#### WORK TASK:
Write out the listing in full, matching it word for word.

Start of Block

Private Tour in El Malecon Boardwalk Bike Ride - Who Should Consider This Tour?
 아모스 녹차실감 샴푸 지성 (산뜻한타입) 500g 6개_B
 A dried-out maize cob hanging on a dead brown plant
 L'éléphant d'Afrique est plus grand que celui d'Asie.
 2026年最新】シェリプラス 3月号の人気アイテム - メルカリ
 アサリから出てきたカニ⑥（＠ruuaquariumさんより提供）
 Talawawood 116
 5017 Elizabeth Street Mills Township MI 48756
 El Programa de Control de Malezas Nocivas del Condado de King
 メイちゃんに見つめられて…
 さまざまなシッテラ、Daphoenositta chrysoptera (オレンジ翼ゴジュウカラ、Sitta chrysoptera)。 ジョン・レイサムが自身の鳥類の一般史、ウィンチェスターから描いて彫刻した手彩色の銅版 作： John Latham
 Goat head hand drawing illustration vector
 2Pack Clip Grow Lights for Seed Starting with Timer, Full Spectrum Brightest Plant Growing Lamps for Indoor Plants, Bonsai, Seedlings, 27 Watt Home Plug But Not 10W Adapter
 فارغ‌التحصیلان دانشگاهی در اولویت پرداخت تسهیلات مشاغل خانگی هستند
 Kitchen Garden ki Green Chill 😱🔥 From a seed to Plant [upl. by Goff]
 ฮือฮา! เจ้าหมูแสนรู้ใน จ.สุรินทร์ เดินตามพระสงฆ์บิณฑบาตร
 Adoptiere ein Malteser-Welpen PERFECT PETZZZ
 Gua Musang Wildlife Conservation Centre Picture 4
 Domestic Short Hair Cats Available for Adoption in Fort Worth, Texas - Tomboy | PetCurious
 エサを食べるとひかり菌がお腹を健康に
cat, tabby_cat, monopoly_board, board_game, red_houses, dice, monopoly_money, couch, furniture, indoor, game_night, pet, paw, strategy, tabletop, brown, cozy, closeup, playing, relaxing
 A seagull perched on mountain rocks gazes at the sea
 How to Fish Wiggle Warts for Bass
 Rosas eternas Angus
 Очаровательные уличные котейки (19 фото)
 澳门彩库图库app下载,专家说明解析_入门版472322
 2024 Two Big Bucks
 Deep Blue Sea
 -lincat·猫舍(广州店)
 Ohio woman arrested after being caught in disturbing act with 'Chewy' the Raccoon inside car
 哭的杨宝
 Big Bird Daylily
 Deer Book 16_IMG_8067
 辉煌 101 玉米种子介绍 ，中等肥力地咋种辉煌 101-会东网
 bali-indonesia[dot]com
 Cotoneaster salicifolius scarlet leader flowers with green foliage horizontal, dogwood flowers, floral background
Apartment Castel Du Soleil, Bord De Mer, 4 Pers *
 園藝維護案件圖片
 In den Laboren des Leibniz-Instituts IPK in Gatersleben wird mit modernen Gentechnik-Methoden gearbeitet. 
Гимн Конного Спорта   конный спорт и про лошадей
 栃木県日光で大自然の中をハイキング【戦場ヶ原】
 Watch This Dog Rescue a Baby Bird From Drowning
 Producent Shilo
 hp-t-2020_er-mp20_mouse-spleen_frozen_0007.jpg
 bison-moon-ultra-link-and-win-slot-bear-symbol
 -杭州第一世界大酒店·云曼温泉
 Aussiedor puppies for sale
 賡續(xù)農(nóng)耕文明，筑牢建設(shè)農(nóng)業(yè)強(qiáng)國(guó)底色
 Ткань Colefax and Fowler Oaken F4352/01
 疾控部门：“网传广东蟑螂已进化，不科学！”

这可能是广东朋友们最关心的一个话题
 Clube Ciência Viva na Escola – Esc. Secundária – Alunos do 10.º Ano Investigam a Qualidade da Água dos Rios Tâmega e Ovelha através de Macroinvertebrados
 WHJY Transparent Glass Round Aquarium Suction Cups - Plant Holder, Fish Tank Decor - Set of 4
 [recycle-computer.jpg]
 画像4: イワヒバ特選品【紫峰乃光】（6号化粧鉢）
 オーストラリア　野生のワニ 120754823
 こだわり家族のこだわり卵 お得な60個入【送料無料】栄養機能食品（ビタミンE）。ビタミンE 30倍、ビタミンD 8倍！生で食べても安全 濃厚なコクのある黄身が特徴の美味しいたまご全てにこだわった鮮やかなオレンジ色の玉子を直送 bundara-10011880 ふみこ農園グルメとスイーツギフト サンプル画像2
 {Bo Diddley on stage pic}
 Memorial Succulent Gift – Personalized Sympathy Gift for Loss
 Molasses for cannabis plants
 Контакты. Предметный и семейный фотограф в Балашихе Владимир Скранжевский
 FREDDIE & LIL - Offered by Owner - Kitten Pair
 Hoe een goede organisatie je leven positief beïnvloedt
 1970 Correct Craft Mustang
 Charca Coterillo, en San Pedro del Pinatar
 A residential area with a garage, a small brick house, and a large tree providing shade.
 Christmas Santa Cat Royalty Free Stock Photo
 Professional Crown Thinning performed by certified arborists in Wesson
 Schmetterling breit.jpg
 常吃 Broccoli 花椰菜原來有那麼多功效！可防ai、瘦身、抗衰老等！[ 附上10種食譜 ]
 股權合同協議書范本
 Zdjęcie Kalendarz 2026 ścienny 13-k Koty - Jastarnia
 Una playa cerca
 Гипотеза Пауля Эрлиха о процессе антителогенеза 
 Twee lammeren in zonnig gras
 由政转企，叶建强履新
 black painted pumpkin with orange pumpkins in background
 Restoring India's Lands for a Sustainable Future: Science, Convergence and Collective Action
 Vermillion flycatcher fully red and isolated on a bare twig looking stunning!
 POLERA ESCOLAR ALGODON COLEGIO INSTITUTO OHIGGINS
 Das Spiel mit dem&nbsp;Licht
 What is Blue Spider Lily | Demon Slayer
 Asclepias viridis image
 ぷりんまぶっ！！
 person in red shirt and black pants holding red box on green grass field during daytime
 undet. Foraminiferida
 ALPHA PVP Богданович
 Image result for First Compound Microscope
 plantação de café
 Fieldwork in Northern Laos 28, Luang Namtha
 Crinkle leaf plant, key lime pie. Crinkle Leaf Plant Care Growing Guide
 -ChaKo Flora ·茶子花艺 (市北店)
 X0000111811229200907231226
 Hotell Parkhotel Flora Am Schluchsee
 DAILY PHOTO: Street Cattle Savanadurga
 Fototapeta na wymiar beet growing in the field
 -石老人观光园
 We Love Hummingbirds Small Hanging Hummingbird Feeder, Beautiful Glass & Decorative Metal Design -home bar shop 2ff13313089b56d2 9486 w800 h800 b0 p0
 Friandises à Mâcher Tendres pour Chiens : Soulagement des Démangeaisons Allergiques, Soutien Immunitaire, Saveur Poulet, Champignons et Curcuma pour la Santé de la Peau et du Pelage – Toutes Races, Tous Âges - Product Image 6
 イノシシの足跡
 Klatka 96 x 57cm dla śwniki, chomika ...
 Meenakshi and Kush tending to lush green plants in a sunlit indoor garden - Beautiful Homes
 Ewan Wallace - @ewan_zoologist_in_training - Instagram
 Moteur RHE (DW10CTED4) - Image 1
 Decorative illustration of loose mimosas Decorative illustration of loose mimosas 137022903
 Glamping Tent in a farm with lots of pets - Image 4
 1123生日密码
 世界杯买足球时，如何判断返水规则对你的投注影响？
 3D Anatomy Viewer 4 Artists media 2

End of Block

#### YOUR RESPONSE:
Private Tour in El Malecon Boardwalk Bike Ride - Who Should Consider This Tour?
 아모스 녹차실감 샴푸 지성 (산뜻한타입) 500g 6개_B
 A dried-out maize cob hanging on a dead brown plant
 L'éléphant d'Afrique est plus grand que celui d'Asie.
 2026年最新】シェリプラス 3月号の人気アイテム - メルカリ
 アサリから出てきたカニ⑥（＠ruuaquariumさんより提供）
 Talawawood 116
 5017 Elizabeth Street Mills Township MI 48756
 El Programa de Control de Malezas Nocivas del Condado de King
 メイちゃんに見つめられて…
 さまざまなシッテラ、Daphoenositta chrysoptera (オレンジ翼ゴジュウカラ、Sitta chrysoptera)。 ジョン・レイサムが自身の鳥類の一般史、ウィンチェスターから描いて彫刻した手彩色の銅版 作： John Latham
 Goat head hand drawing illustration vector
 2Pack Clip Grow Lights for Seed Starting with Timer, Full Spectrum Brightest Plant Growing Lamps for Indoor Plants, Bonsai, Seedlings, 27 Watt Home Plug But Not 10W Adapter
 فارغ‌التحصیلان دانشگاهی در اولویت پرداخت تسهیلات مشاغل خانگی هستند
 Kitchen Garden ki Green Chill 😱🔥 From a seed to Plant [upl. by Goff]
 ฮือฮา! เจ้าหมูแสนรู้ใน จ.สุรินทร์ เดินตามพระสงฆ์บิณฑบาตร
 Adoptiere ein Malteser-Welpen PERFECT PETZZZ
 Gua Musang Wildlife Conservation Centre Picture 4
 Domestic Short Hair Cats Available for Adoption in Fort Worth, Texas - Tomboy | PetCurious
 エサを食べるとひかり菌がお腹を健康に
cat, tabby_cat, monopoly_board, board_game, red_houses, dice, monopoly_money, couch, furniture, indoor, game_night, pet, paw, strategy, tabletop, brown, cozy, closeup, playing, relaxing
 A seagull perched on mountain rocks gazes at the sea
 How to Fish Wiggle Warts for Bass
 Rosas eternas Angus
 Очаровательные уличные котейки (19 фото)
 澳门彩库图库app下载,专家说明解析_入门版472322
 2024 Two Big Bucks
 Deep Blue Sea
 -lincat·猫舍(广州店)
 Ohio woman arrested after being caught in disturbing act with 'Chewy' the Raccoon inside car
 哭的杨宝
 Big Bird Daylily
 Deer Book 16_IMG_8067
 辉煌 101 玉米种子介绍 ，中等肥力地咋种辉煌 101-会东网
 bali-indonesia[dot]com
 Cotoneaster salicifolius scarlet leader flowers with green foliage horizontal, dogwood flowers, floral background
Apartment Castel Du Soleil, Bord De Mer, 4 Pers *
 園藝維護案件圖片
 In den Laboren des Leibniz-Instituts IPK in Gatersleben wird mit modernen Gentechnik-Methoden gearbeitet. 
Гимн Конного Спорта   конный спорт и про лошадей
 栃木県日光で大自然の中をハイキング【戦場ヶ原】
 Watch This Dog Rescue a Baby Bird From Drowning
 Producent Shilo
 hp-t-2020_er-mp20_mouse-spleen_frozen_0007.jpg
 bison-moon-ultra-link-and-win-slot-bear-symbol
 -杭州第一世界大酒店·云曼温泉
 Aussiedor puppies for sale
 賡續(xù)農(nóng)耕文明，筑牢建設(shè)農(nóng)業(yè)強(qiáng)國(guó)底色
 Ткань Colefax and Fowler Oaken F4352/01
 疾控部门：“网传广东蟑螂已进化，不科学！”

这可能是广东朋友们最关心的一个话题
 Clube Ciência Viva na Escola – Esc. Secundária – Alunos do 10.º Ano Investigam a Qualidade da Água dos Rios Tâmega e Ovelha através de Macroinvertebrados
 WHJY Transparent Glass Round Aquarium Suction Cups - Plant Holder, Fish Tank Decor - Set of 4
 [recycle-computer.jpg]
 画像4: イワヒバ特選品【紫峰乃光】（6号化粧鉢）
 オーストラリア　野生のワニ 120754823
 こだわり家族のこだわり卵 お得な60個入【送料無料】栄養機能食品（ビタミンE）。ビタミンE 30倍、ビタミンD 8倍！生で食べても安全 濃厚なコクのある黄身が特徴の美味しいたまご全てにこだわった鮮やかなオレンジ色の玉子を直送 bundara-10011880 ふみこ農園グルメとスイーツギフト サンプル画像2
 {Bo Diddley on stage pic}
 Memorial Succulent Gift – Personalized Sympathy Gift for Loss
 Molasses for cannabis plants
 Контакты. Предметный и семейный фотограф в Балашихе Владимир Скранжевский
 FREDDIE & LIL - Offered by Owner - Kitten Pair
 Hoe een goede organisatie je leven positief beïnvloedt
 1970 Correct Craft Mustang
 Charca Coterillo, en San Pedro del Pinatar
 A residential area with a garage, a small brick house, and a large tree providing shade.
 Christmas Santa Cat Royalty Free Stock Photo
 Professional Crown Thinning performed by certified arborists in Wesson
 Schmetterling breit.jpg
 常吃 Broccoli 花椰菜原來有那麼多功效！可防ai、瘦身、抗衰老等！[ 附上10種食譜 ]
 股權合同協議書范本
 Zdjęcie Kalendarz 2026 ścienny 13-k Koty - Jastarnia
 Una playa cerca
 Гипотеза Пауля Эрлиха о процессе антителогенеза 
 Twee lammeren in zonnig gras
 由政转企，叶建强履新
 black painted pumpkin with orange pumpkins in background
 Restoring India's Lands for a Sustainable Future: Science, Convergence and Collective Action
 Vermillion flycatcher fully red and isolated on a bare twig looking stunning!
 POLERA ESCOLAR ALGODON COLEGIO INSTITUTO OHIGGINS
 Das Spiel mit dem&nbsp;Licht
 What is Blue Spider Lily | Demon Slayer
 Asclepias viridis image
 ぷりんまぶっ！！
 person in red shirt and black pants holding red box on green grass field during daytime
 undet. Foraminiferida
 ALPHA PVP Богданович
 Image result for First Compound Microscope
 plantação de café
 Fieldwork in Northern Laos 28, Luang Namtha
 Crinkle leaf plant, key lime pie. Crinkle Leaf Plant Care Growing Guide
 -ChaKo Flora ·茶子花艺 (市北店)
 X0000111811229200907231226
 Hotell Parkhotel Flora Am Schluchsee
 DAILY PHOTO: Street Cattle Savanadurga
 Fototapeta na wymiar beet growing in the field
 -石老人观光园
 We Love Hummingbirds Small Hanging Hummingbird Feeder, Beautiful Glass & Decorative Metal Design -home bar shop 2ff13313089b56d2 9486 w800 h800 b0 p0
 Friandises à Mâcher Tendres pour Chiens : Soulagement des Démangeaisons Allergiques, Soutien Immunitaire, Saveur Poulet, Champignons et Curcuma pour la Santé de la Peau et du Pelage – Toutes Races, Tous Âges - Product Image 6
 イノシシの足跡
 Klatka 96 x 57cm dla śwniki, chomika ...
 Meenakshi and Kush tending to lush green plants in a sunlit indoor garden - Beautiful Homes
 Ewan Wallace - @ewan_zoologist_in_training - Instagram
 Moteur RHE (DW10CTED4) - Image 1
 Decorative illustration of loose mimosas Decorative illustration of loose mimosas 137022903
 Glamping Tent in a farm with lots of pets - Image 4
 1123生日密码
 世界杯买足球时，如何判断返水规则对你的投注影响？
 3D Anatomy Viewer 4 Artists media 2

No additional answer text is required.